■ RAW DATA
= = = =

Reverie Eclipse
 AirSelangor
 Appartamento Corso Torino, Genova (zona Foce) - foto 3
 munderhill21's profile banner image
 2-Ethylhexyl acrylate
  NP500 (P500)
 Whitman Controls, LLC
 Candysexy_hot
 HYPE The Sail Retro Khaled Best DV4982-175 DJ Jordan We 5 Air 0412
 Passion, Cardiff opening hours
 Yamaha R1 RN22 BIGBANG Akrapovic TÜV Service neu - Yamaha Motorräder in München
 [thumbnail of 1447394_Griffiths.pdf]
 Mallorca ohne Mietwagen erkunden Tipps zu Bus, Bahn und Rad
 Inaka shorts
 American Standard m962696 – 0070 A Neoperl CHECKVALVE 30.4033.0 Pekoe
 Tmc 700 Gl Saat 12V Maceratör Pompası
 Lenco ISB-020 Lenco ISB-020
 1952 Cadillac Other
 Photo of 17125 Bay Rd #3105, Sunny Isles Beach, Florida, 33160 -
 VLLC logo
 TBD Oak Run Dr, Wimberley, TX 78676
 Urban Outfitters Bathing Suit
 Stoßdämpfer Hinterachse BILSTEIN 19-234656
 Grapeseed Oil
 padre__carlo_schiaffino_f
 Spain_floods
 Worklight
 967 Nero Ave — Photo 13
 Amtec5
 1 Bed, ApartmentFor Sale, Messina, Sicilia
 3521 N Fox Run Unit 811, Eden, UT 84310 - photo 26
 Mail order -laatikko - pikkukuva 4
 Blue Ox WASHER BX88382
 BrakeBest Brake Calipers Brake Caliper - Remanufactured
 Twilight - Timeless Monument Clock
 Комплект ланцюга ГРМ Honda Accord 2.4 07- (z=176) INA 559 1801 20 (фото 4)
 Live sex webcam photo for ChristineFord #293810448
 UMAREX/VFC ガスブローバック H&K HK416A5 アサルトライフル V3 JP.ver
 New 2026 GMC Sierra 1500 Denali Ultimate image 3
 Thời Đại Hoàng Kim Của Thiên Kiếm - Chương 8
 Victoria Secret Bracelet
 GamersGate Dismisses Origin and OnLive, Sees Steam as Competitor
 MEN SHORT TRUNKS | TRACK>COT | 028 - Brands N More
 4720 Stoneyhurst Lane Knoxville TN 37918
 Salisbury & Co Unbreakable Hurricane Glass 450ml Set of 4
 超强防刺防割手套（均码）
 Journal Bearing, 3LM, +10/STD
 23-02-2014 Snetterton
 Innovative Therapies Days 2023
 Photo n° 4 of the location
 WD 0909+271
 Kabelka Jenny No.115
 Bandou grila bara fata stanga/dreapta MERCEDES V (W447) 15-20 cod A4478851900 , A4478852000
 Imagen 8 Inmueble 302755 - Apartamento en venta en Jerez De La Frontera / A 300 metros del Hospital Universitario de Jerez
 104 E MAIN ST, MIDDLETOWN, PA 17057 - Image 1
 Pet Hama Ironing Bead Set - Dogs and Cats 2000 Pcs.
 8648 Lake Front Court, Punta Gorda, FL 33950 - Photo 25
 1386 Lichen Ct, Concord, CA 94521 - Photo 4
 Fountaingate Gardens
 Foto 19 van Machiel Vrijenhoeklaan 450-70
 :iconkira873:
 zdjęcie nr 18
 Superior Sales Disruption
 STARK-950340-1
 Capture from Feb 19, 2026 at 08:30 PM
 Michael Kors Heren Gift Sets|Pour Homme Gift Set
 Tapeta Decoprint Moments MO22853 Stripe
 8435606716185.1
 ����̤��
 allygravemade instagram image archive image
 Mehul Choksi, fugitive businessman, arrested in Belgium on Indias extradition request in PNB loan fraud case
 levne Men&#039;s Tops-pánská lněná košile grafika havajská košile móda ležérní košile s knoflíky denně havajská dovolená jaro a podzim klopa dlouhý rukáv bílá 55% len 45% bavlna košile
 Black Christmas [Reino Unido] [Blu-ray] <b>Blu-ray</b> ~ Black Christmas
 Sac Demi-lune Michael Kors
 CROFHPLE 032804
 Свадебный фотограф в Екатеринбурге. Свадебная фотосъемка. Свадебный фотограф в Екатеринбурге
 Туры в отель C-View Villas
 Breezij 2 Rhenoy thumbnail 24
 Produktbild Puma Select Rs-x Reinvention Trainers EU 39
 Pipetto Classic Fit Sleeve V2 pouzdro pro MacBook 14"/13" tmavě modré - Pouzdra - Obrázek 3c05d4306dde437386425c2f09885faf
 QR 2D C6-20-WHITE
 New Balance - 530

= = = =

■ WORK ORDER
In the listing above, locate the line containing "Twilight - Timeless Monument Clock" and the line containing "MEN SHORT TRUNKS", then transcribe both and every line between them verbatim.

■ RESULT
 Twilight - Timeless Monument Clock
 Комплект ланцюга ГРМ Honda Accord 2.4 07- (z=176) INA 559 1801 20 (фото 4)
 Live sex webcam photo for ChristineFord #293810448
 UMAREX/VFC ガスブローバック H&K HK416A5 アサルトライフル V3 JP.ver
 New 2026 GMC Sierra 1500 Denali Ultimate image 3
 Thời Đại Hoàng Kim Của Thiên Kiếm - Chương 8
 Victoria Secret Bracelet
 GamersGate Dismisses Origin and OnLive, Sees Steam as Competitor
 MEN SHORT TRUNKS | TRACK>COT | 028 - Brands N More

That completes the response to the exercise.